*INPUT RECORDS*.
######

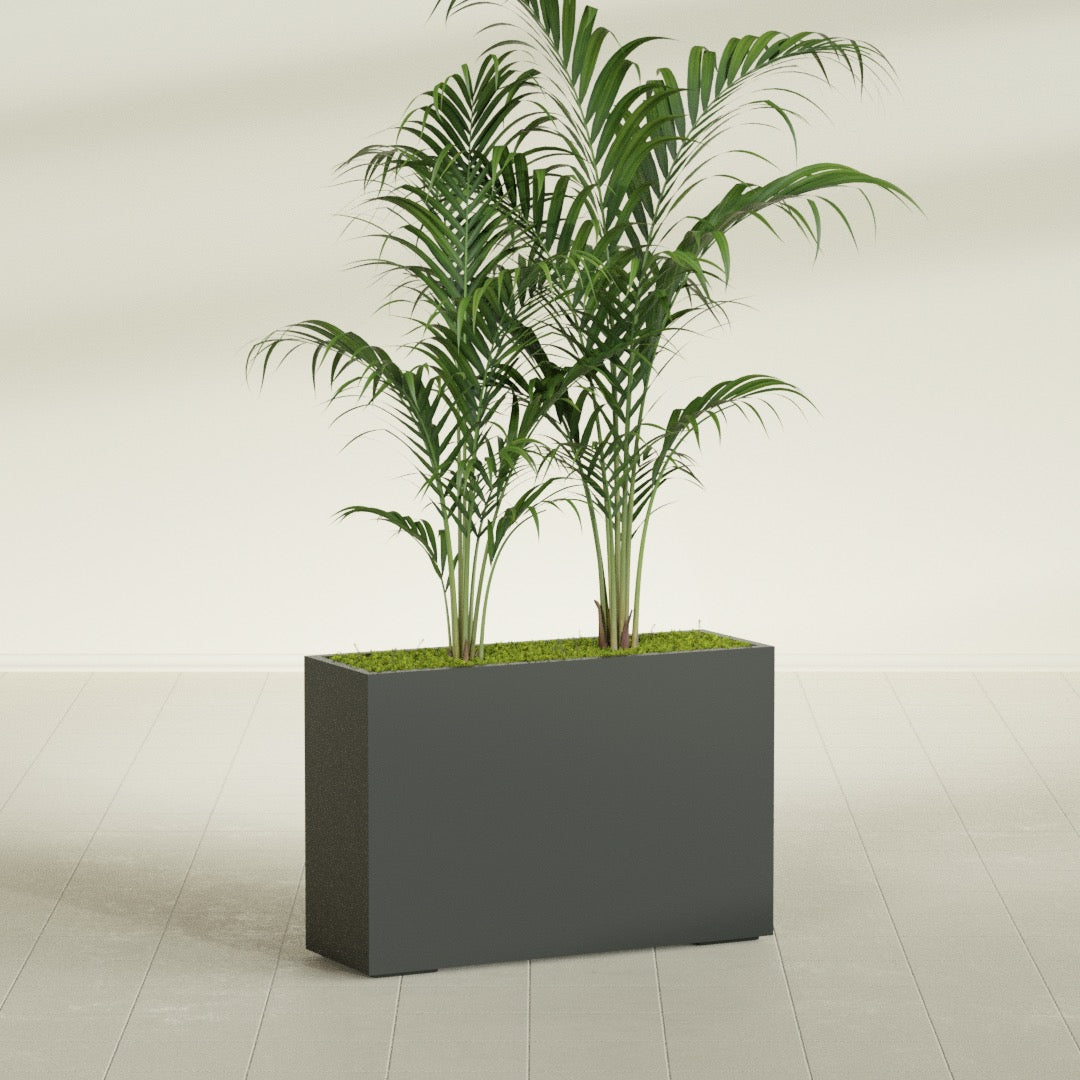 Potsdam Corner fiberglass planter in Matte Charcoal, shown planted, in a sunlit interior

######

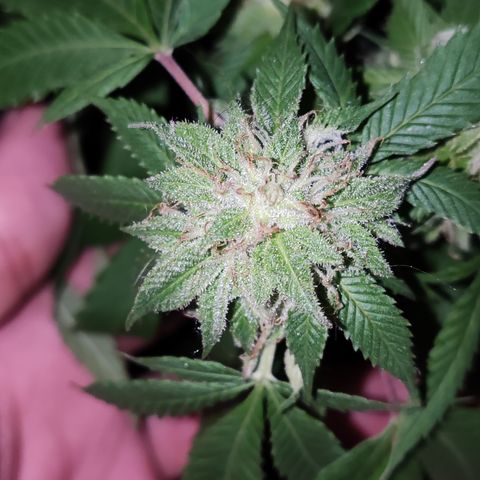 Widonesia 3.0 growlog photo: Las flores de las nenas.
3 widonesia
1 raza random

######

*TASK TO COMPLETE*. Give back exactly the lines above that run from the one with "Widonesia 3.0 growlog" to the one with "1 raza random", including both, with the pictures left out.

*TASK SOLUTION*.
 Widonesia 3.0 growlog photo: Las flores de las nenas.
3 widonesia
1 raza random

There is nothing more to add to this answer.